The Meyerhoff years 1946 - 1950

Meyerhoff took over in 1945. That can be seen as the turnaround year for the league and the women's game in general. League cities started Junior leagues for girls 14 and older. There was traveling now to remote locations for Spring Training. Mississippi. Florida and even Cuba in 1947. The game was evolving as distances were constantly being updated. 1946 saw the ball shrink to 10 3/4 inches and Sidearm pitching being allowed. Two more teams were added, Muskegon, MI (Lassies), and Peoria, IL (Redwings). In 1948 two more teams were added Springfield, IL (Sallies) and Chicago, IL (Colleens).

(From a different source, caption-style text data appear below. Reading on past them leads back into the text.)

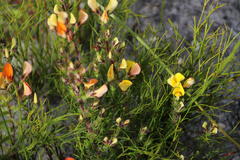 Aspalathus linguiloba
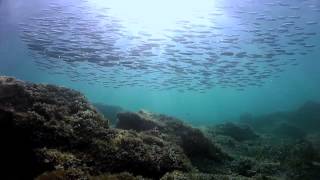Snorkelling in Mallorca with Albatros Diving
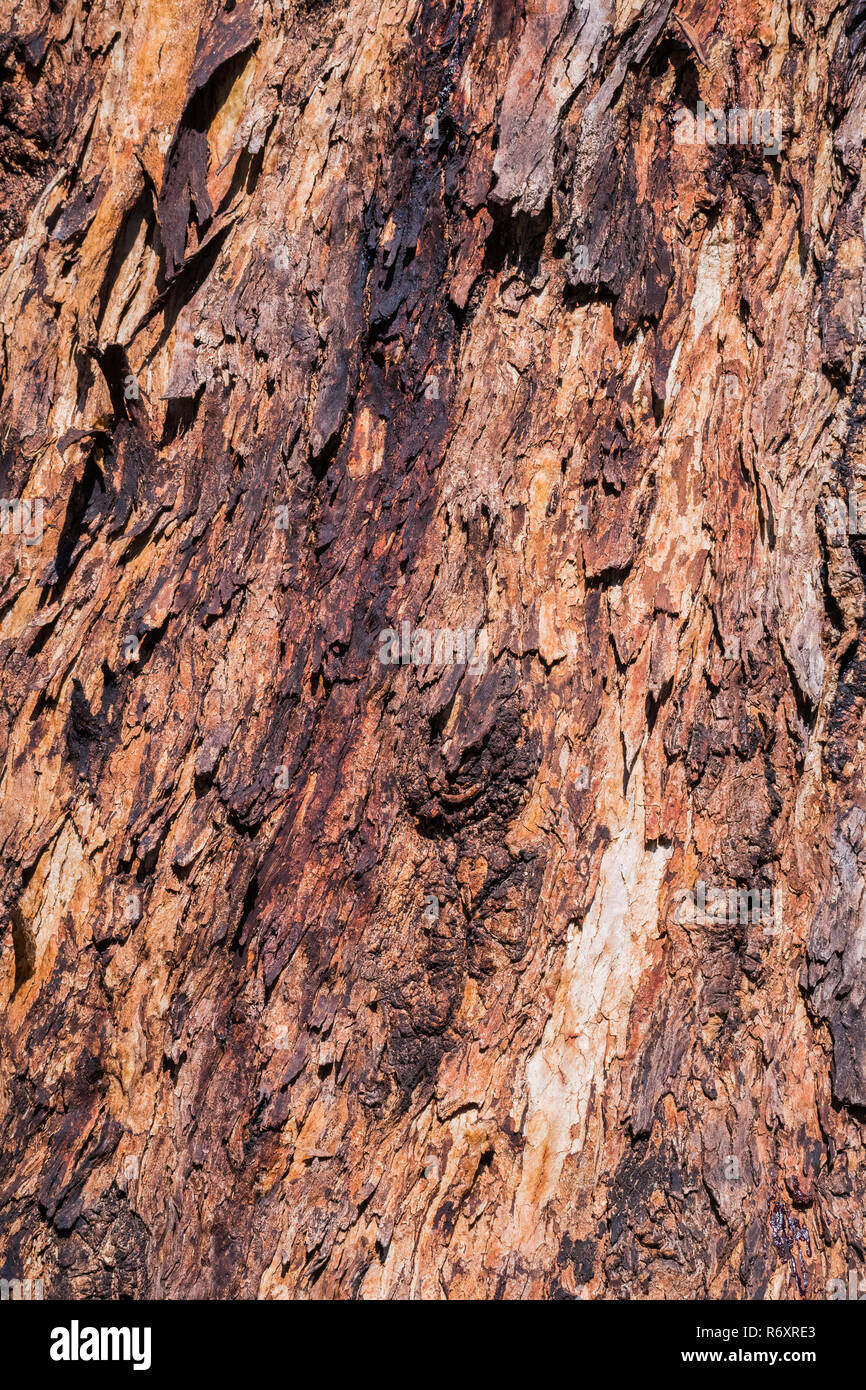 Colorés de près de l'écorce d'un arbre d'eucalyptus, Californie Banque D'Images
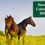 Thumbnail: Horses Calendar 2026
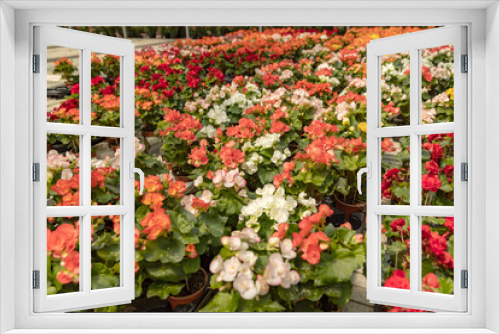 Fototapeta Naklejka Na Ścianę Okno 3D - Young begonia flowers in greenhouse.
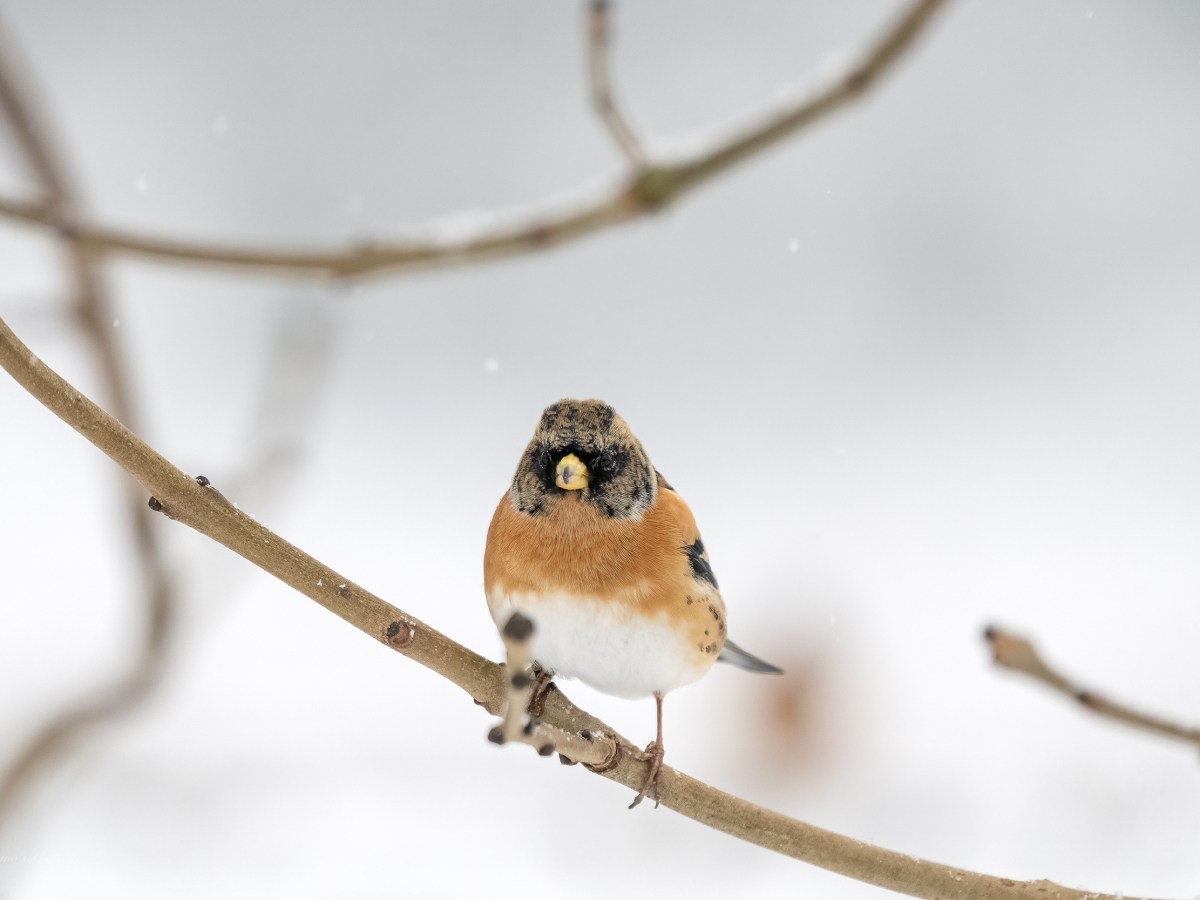 The day it&nbsp;snowed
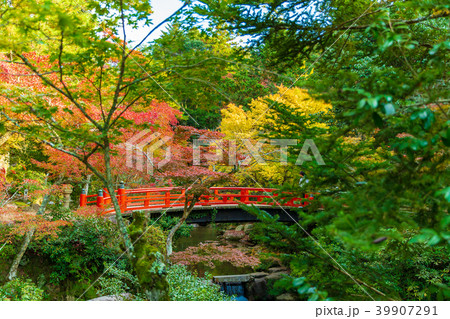 秋の紅葉谷公園 秋の紅葉谷公園 39907291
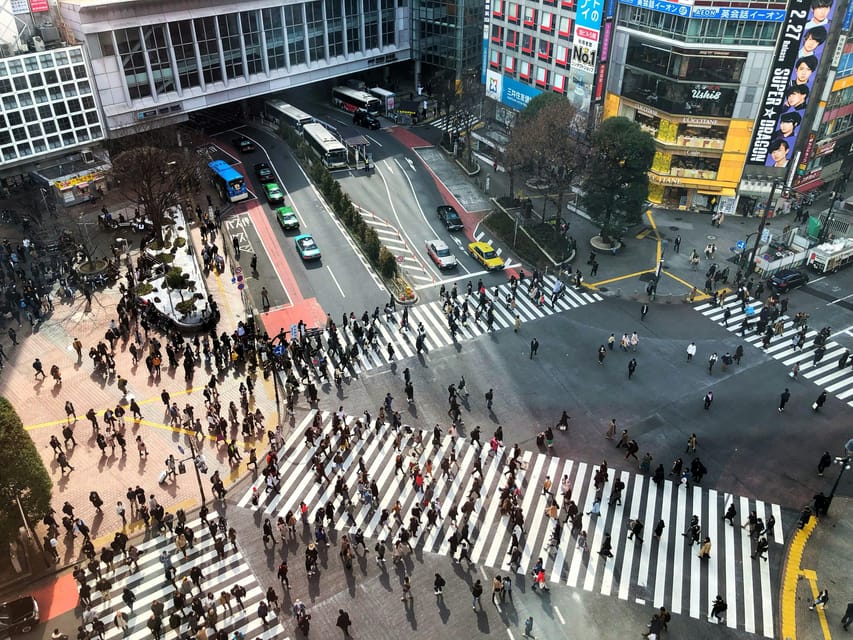 Tokyo: Personalized Private 6-Hour Tour - What the price gets you (and what it doesn’t) in real terms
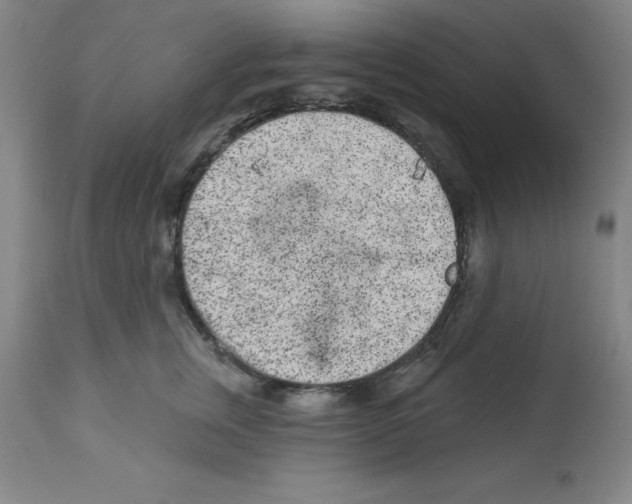 X0000112860759200909181801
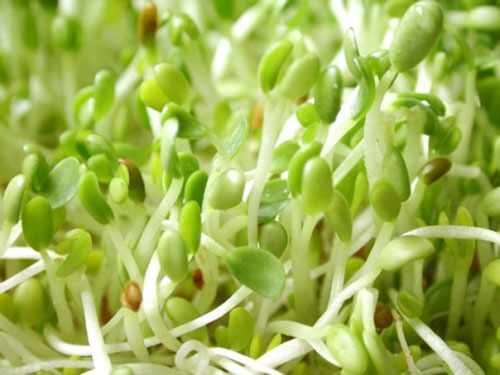 Máy làm giá đỗ - Sự lựa chọn mới cho bà nội trợ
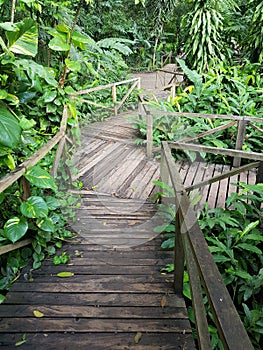 Vertical shot of a wooden curvy pathway in the middle of a forest surrounded by green plants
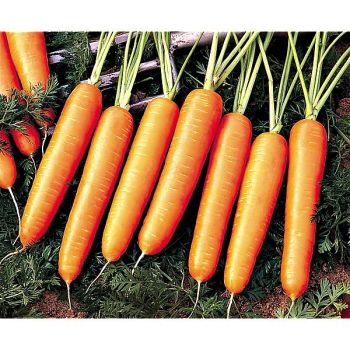 CAROTTE F1 NAIROBI 2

Sadly those teams would only last 1 year in the league. They would be kept around as rookie training teams. They would play exhibition games to recruit more talent in the East and South, which would last until 1950. 1948 was also the year that overhand pitching was allowed. A four-team minor league was established in Chicago, the Chicago Girls Baseball League. In 1948 attendance topped 910,000 fans. That would be the league's best attendance year. In 1949 both attendance and revenue started to dip. At the end of the 1950 season, the teams got together and purchased the league from Meyerhoff. This would prove to be the undoing of the league. By taking away centralizing stability, the league suffered in advertising, and teams were left to fend for themselves.

The final years 1951-1954

After the teams took control, they started decentralizing the league. They would still have a commissioner but in name only. Franchises started moving around or folding. The minor league folded, Teams were left to scout for themselves. They had to handle their own publicity and promotion. Then you had the economy coming back from the war, and the Major Leagues could now be seen on television.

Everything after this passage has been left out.